I had not seen Sloan for eleven years when I met him again at the Biesels', who are also former Sloan students, Sloan had somehow known my painting a little but did not remember me as a student. Frances Strain had arranged for me to meet him when he passed through Chicago last fall. I reminded him that I had not been a very good student while in his class; but he was gracious enough to tell me of a little incident which took place before one of my paintings in a New York exhibition. He was telling his companion, Don Freeman, who had studied with Sloan at the same time I did, that in this painting were demonstrated some of the things he tried to get across with his teaching. Freeman had told him, "You should like that painting; the artist was one of your students." Seeing Sloan again, after this long lapse of time, made me feel strange.
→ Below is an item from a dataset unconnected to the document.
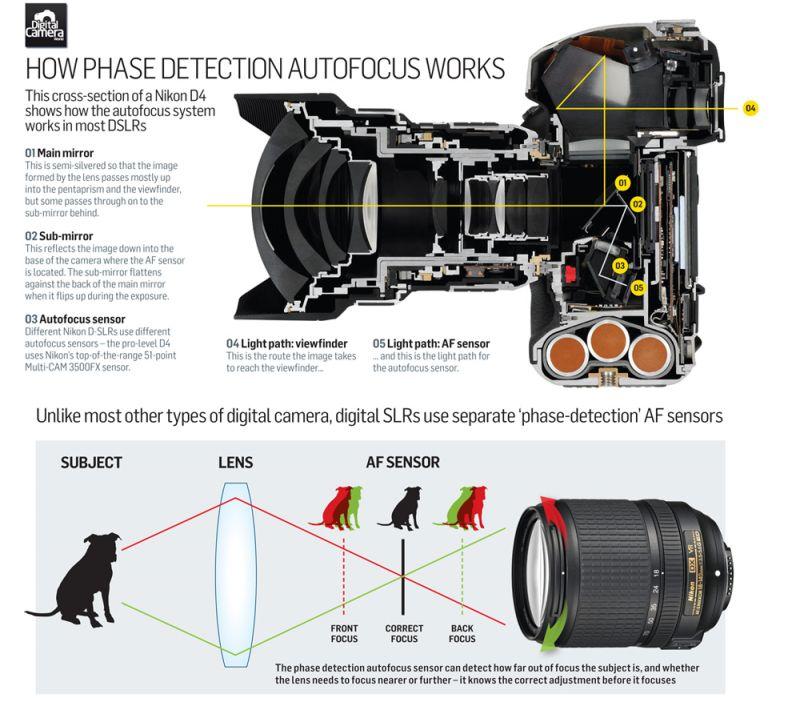 Autofocus pasywny Detekcja różnicy faz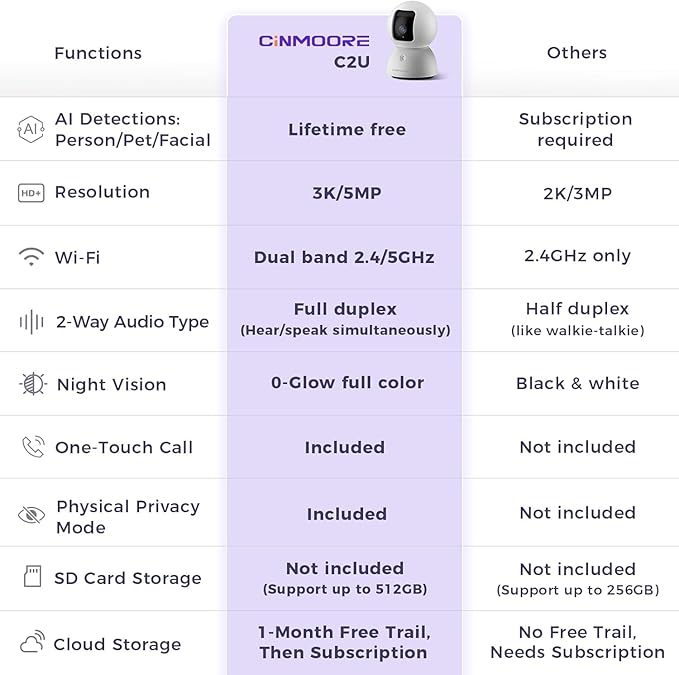 3K 5G Wi-Fi Security Camera Indoor, Backup Battery for Power Outage Protection, Free AI Tracking Facial ID, 5MP Pet/Dog Camera w/ Speaker & Phone App, PTZ Baby Monitor, 0-Glow Night Vision, 2-Way Talk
He is over seventy now. He had just recovered from a severe illness. He was talking to Frances Strain and me of a section of his book "Gist of Art." The things he said were the same things he had said years ago. I think I may have found fault, new, rightly or wrongly, with one or two of his ideas. I concluded that valuable as was his philosophy of art, still more important was the indefinable quality of inspiration with which he was able to give direction to the talents of the young students.

Just a week or two after this, I saw him again in New York. It was at one of those strange restrictive exhibitions. This one was at the Whitney Museum and the work on display was by artists under forty. Hardly a gray headed artist could be seen at this opening. If their work were not being shown, there was no reason for the veteran artists to appear. But John Sloan and his perky little wife were there. Still shaky from his illness, Sloan was eager to see the work of the comparative unknowns on display, glad to pass along a word of encouragement to a young artist just finding painting legs.
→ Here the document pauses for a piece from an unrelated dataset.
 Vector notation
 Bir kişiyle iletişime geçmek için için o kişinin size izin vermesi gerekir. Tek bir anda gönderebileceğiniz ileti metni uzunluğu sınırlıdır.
A moment ago I mentioned Sloan's Book, "Gist of Art." It was in 1929 and 1930 that much of the material for this book was gathered. Helen Farr, who collected the bulk of this material, painted in Sloan's class. But whenever Sloan was present she followed him about gathering the pearls of wisdom that dropped from his lips. And more often then not they were real pearls. If you would like an insight into an artist's approach to life and the business of painting, read this book. I think you will enjoy it, and I think it may teach you to understand a but better the art of the past and of the present.
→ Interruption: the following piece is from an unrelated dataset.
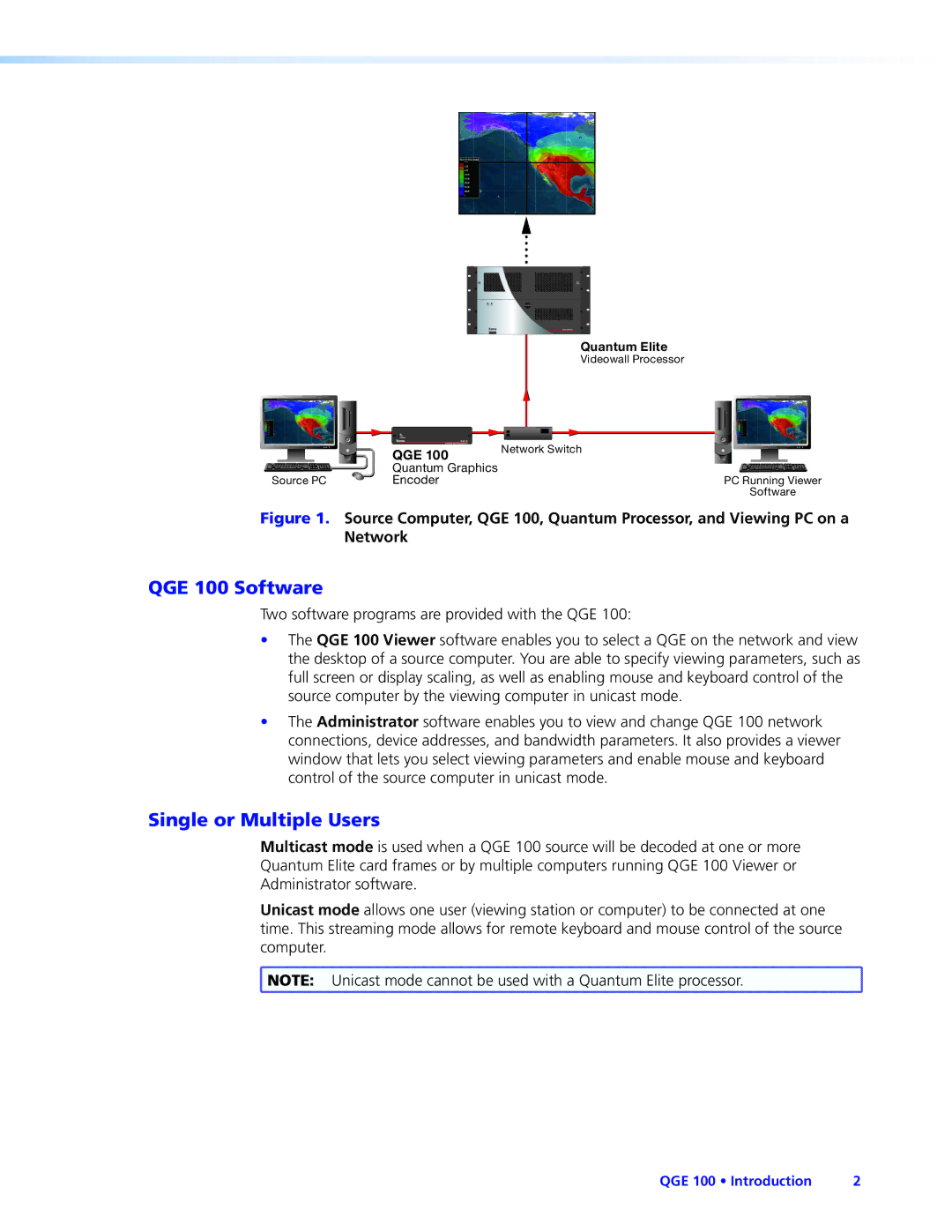 Extron electronic manual QGE 100 Software, Single or Multiple Users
And now -at least- a final thought. If I were a professional lecturer I would not think of saying this. But since I am only a professional painter I think of it in connection with every exhibition. The purchase of a work of his art is still the greatest appreciation you can give an artist. If you like the work you see here, and can do so, buy a John Sloan painting for you collections. Sloan shows you here a cross section of his later work. These are paintings done with sincerity, sympathy and true humility. There is nothing here of the chic. No fireworks and none of the titillating devices served up by some artists for jaded appetites of some critics and gallery goers. If you have an empty spot on one of your walls, consider a John Sloan for that spot; or if you have a place tenanted by an unworthy occupant, eject it for a work of art by this great "custodian of American culture."